I FIXED MY STUMBLE! (Hesitation, stutter, hiccup after shifting (MT), rough acceleration.

TYPE OF STUTTER/STUMBLE

Steady throttle/Increasing throttle/Both: Initially only at steady throttle around 2k-2.5k RPM as a light bucking/stumble/surge of power loss. Then became evident in a wider RPM range and throttle input, along with a loss of smooth acceleration.

MODS

Intake: Stock airbox with K&N panel filter and silicone turbo inlet. REV9 TMIC with silicon throttle body inlet. Crawford AOS.

Exhaust: No name turbo-back. Gutted up-pipe.

Fuel: TREperformance 255lph fuel pump. K&N inline filter. Stock fuel rails ran in parallel. AUS 750cc injectors.

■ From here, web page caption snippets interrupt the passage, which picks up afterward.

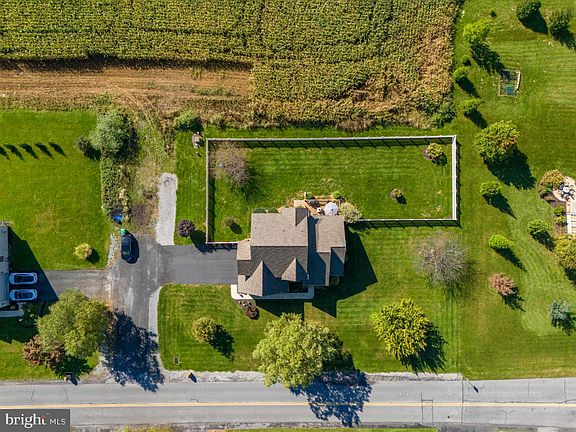 2nd image of 3576 Fox Hill Dr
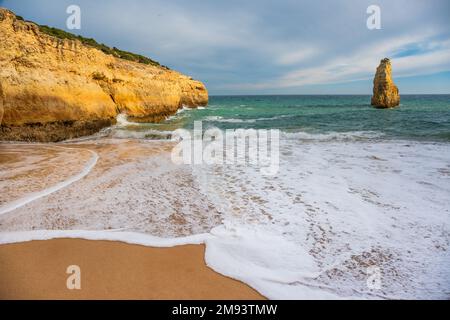 Natürliche Höhlen und Strand, Algarve Portugal. Felsbögen von sieben Hängenden Tälern und türkisfarbenes Meerwasser an der Küste Portugals in der Region Algarve Stockfoto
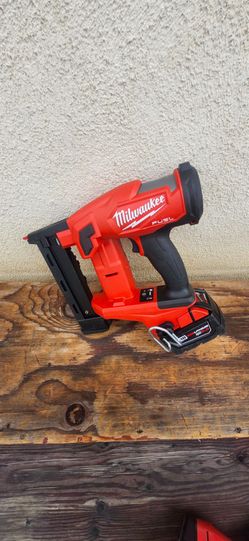 Milwaukee staple gun m18 fuel tool battery 5ah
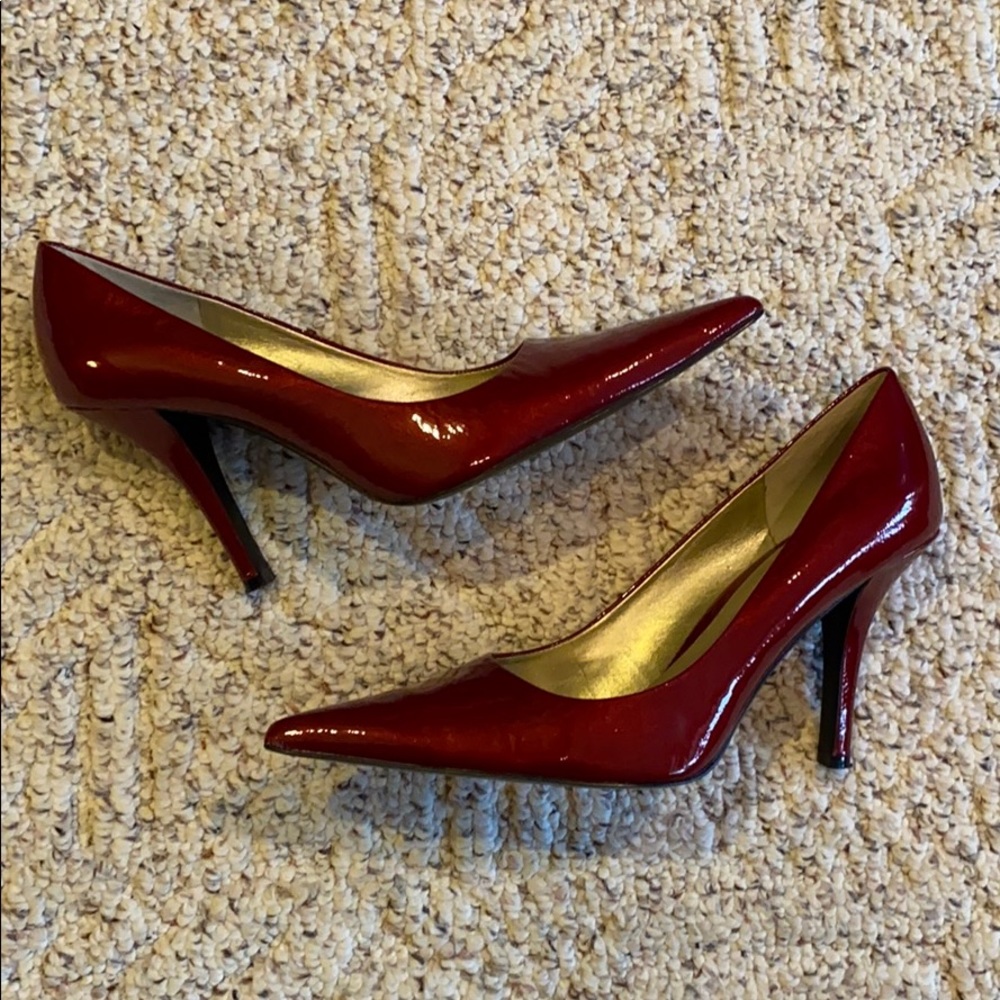 Nine West Candy Apple Red Pumps
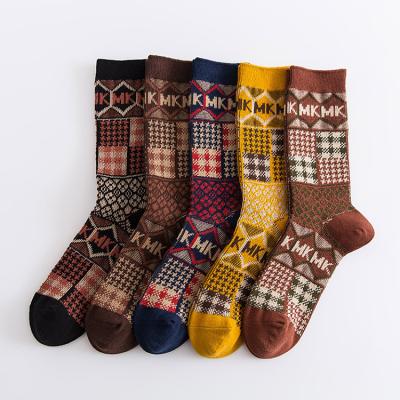 China Autumn Winter Happy Socks Unisex Breathable Cotton Socks Jacquard Vintage Combed Cotton Socks for sale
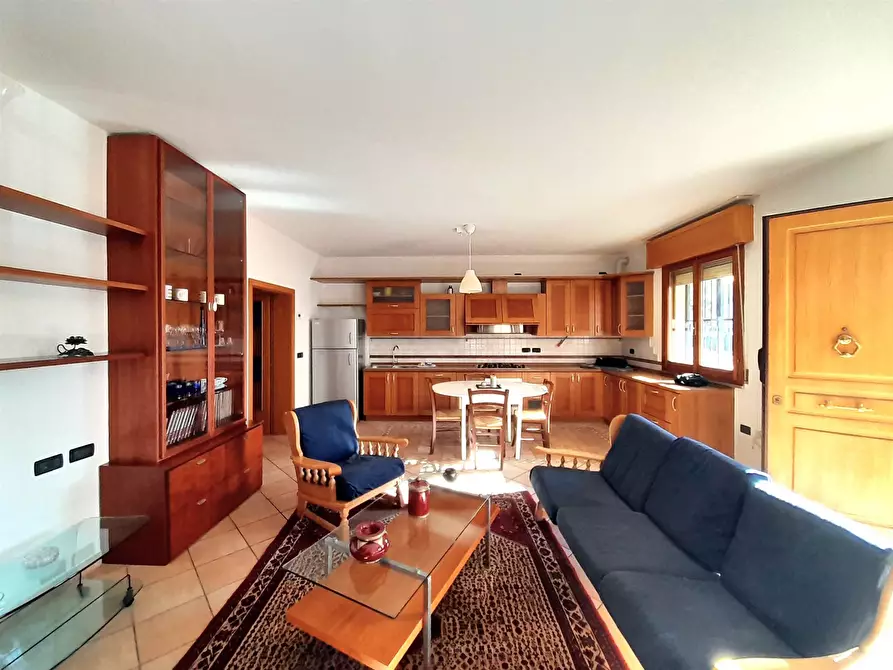Immagine 1 di Appartamento in vendita  in Via Del Gelso a Santarcangelo Di Romagna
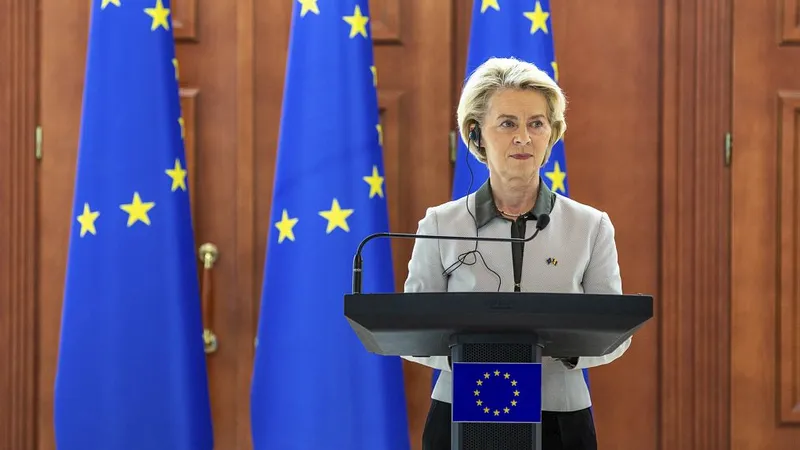 Ursula von der Leyen: Noi decidem cine vine în Europa, nu reţelele de contrabandişti şi traficanţii - Foto: INQUAM PHOTOS / Elena Covalenco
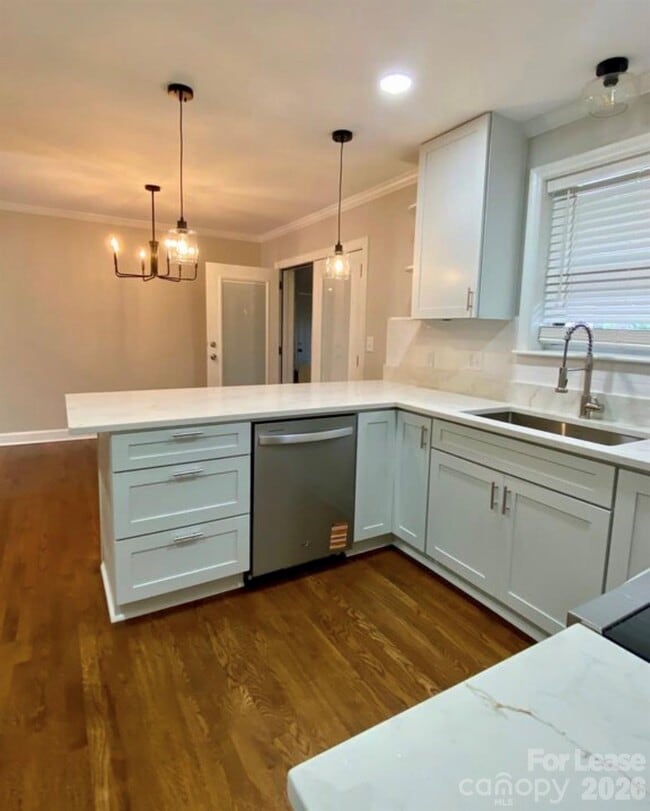 Building Photo - 4201 University Dr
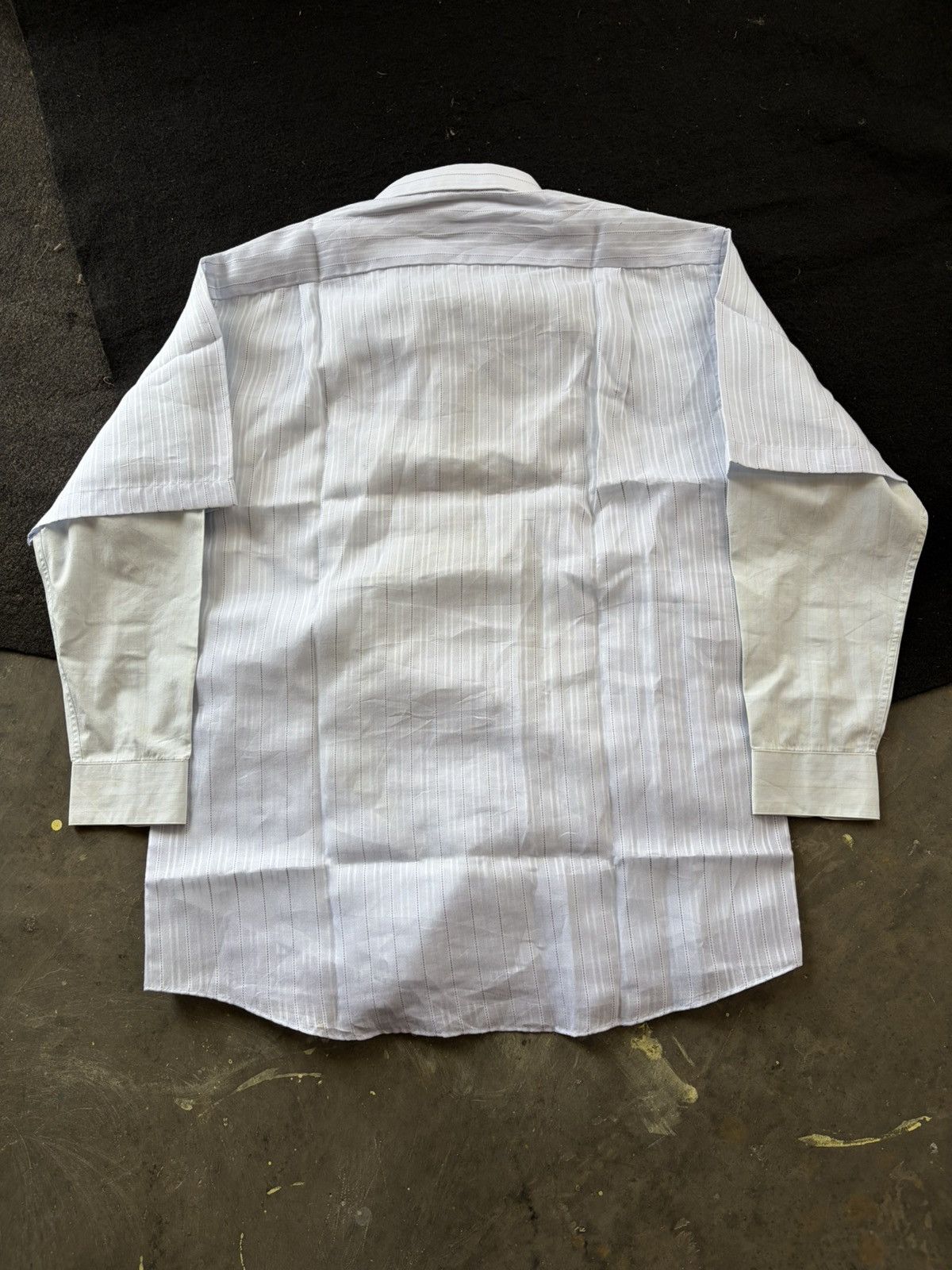Balenciaga Balenciaga double layered vintage shirt button Size US XL / EU 56 / 4 - 3 Thumbnail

Fuelab universal FPR.

Turbo: BNR 16g with billet compressor wheel.

Engine Management: Stock ECM with Cobb accessport.

Tuner and revision of tune(if you don't mind): Stephen Clark at iaTUNING 

MAINTENANCE: 5w40 euro oil. 

Sensors changed: AVCS oil control valve solenoids, crank sensor, cam sensor, MAF sensor, throttle body, accelerator pedal assembly, knock senor location.

Plugs changed: 1 step colder ngk's.

Coil Packs changed: YES, a few times and even bench tested them to check the KV output.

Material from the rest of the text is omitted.